Netscout and Gartner have scheduled their trial for next July. The case stands little chance of improving Netscout’s value. It does, however, risk harming the reputation of both analyst firms and analyst relations professionals.
Over the last weeks, pressure has mounted on Netscout’s lawyers. Netscout claims Gartner’s Magic Quadrant harmed its enterprise sales and that the truth of Gartner’s statements is not relevant. Its advocates are aiming to slow, reduce and restrict Gartner’s access to documents that give other opinions on Netscout’s position at the time of the research.

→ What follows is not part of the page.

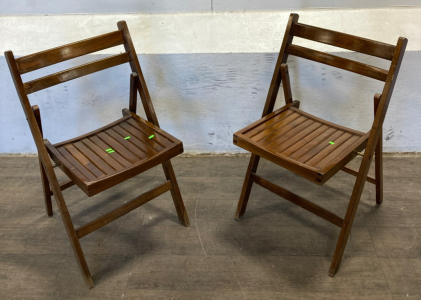(2) Antique Wood Folding Chairs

With a settlement now less likely, the jury selection is scheduled for July 2017.
Even at this stage, the case can be expected to be involved and expensive. Lawyers have filed hundreds of documents. Gartner has pressed for the extensive discovery of materials, including from external parties such as Danaher Corporation, which was involved in due diligence, and The Skills Connection, which the court has compelled to testify about its advising Netscout on the Magic Quadrant process.
Netscout is raising arguments that many analyst relations professionals will know.
- – Buyers use analyst research, and some customers might look less favorably at firms that are less well rated.
- – Gartner does not follow journalistic standards in avoiding conflicts of interests.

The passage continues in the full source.